[INPUT RECORDS Boundary: Start]

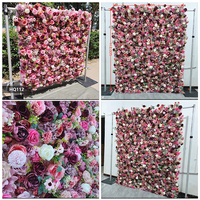Mur de fleurs artificielles beige à motif floral avec support en tissu pour la beauté intérieure et l'aménagement des maisons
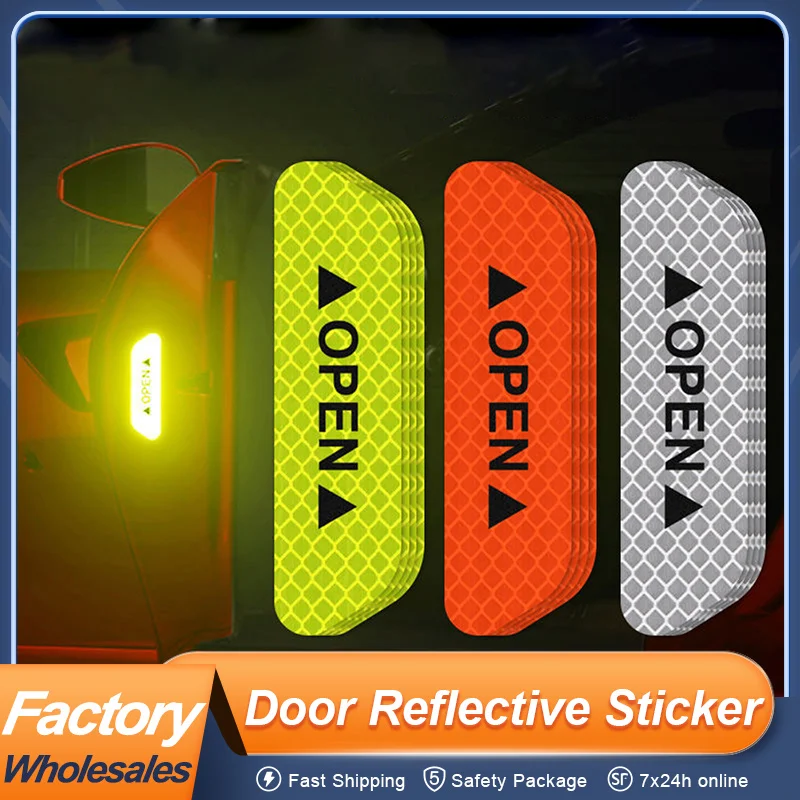 Reflective Car Door Sticker 4Pcs Safety Opening Warning Reflector Tape Decal Car Accessories Exterior Interior Reflector Sticker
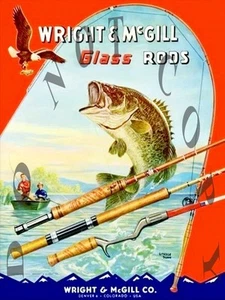 Antique 8X10 Repro Photo Print Wright & McGill Glass Fishing Rod Advertisement - Picture 1 of 1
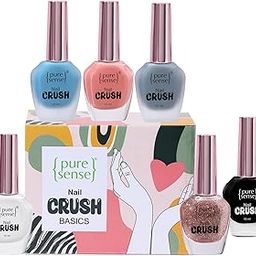 PureSense Nail Polish Basics Crush Kit | Quick Dry | Glossy | Matte | (Pack of 6) - 60 ml-image-2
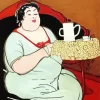 Fat Lady And Coffee Diamond Painting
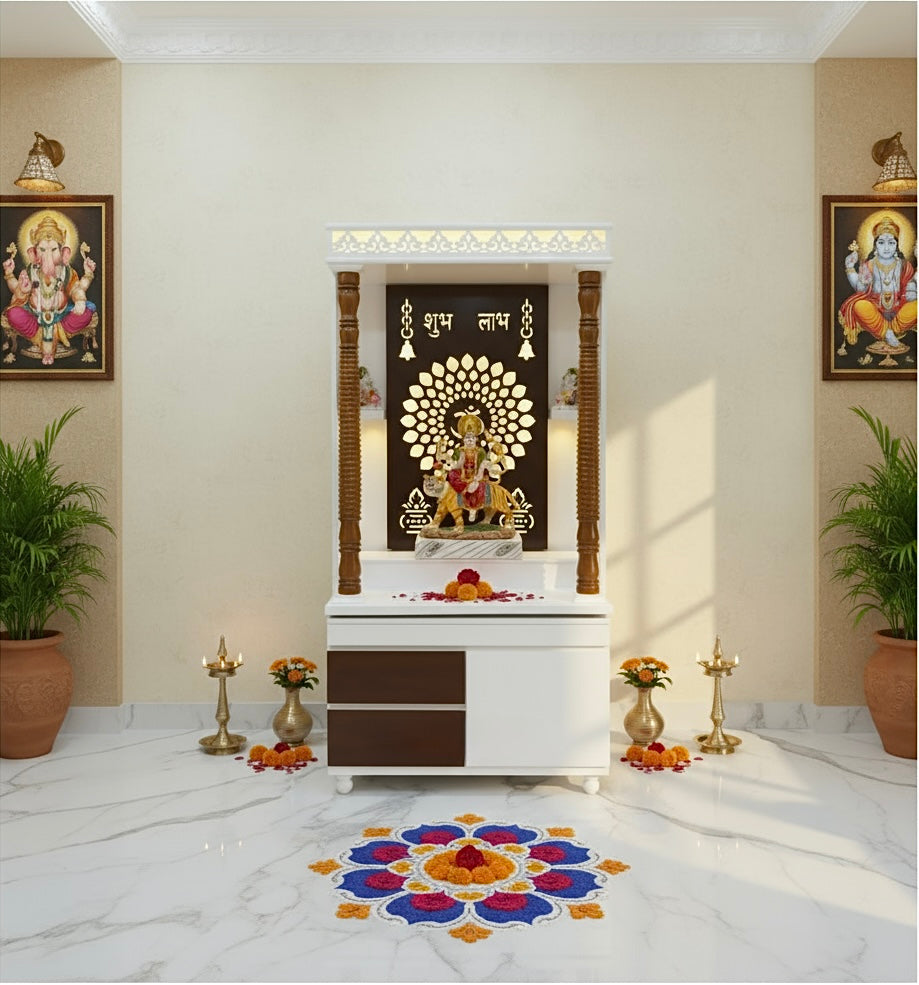 White and brown wooden pooja mandir with backlit Shubh Labh panel and LED lighting for elegant home decor.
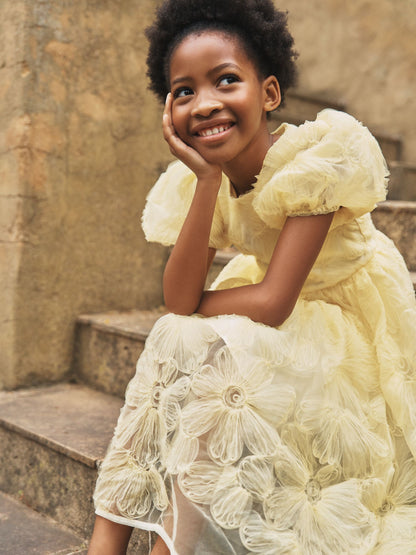 Angel & Rocket Yellow Francine Embellished Puff Sleeve Dress image 8
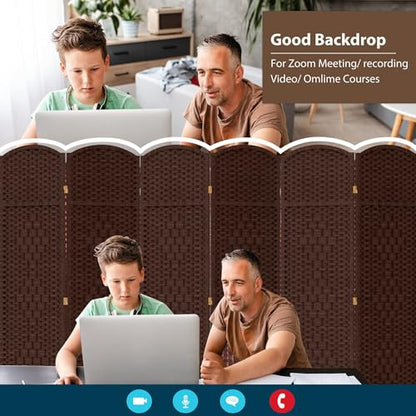 6 Panel Room Divider, 6 FT Wide Folding Screen Room Divider, Brown | Double Hinged Folding Screen Room Dividers for Patio Privacy - color: Brown, size: 6 Panels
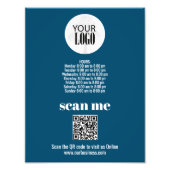 Simple Business Logo QR Code Blauw Foto Afdruk (Voorkant)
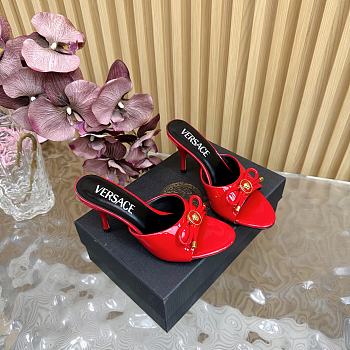 Versace Opera Bow Patent Mules Red 85 mm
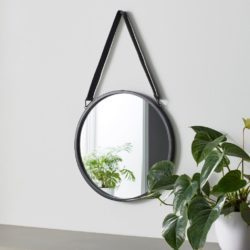 Round Black Wall Mirror with Black Leather Hanging Strap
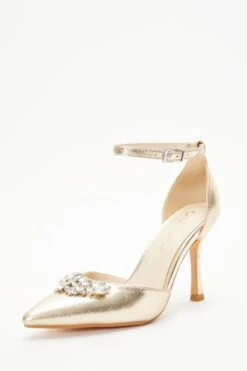 Wide Fit Gold Foil Diamante Court Heels -Claasyoo Shop 00100037674 XB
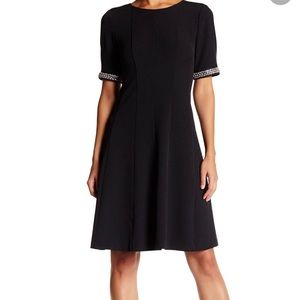Eliza J jewel trim seamed black dress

[INPUT RECORDS Boundary: End]

Set the pictures aside and retype exactly the lines above from the line with "Angel & Rocket" to the line with "6 Panel Room", both included, adding no others.

● YOUR RESPONSE
 Angel & Rocket Yellow Francine Embellished Puff Sleeve Dress image 8
 6 Panel Room Divider, 6 FT Wide Folding Screen Room Divider, Brown | Double Hinged Folding Screen Room Dividers for Patio Privacy - color: Brown, size: 6 Panels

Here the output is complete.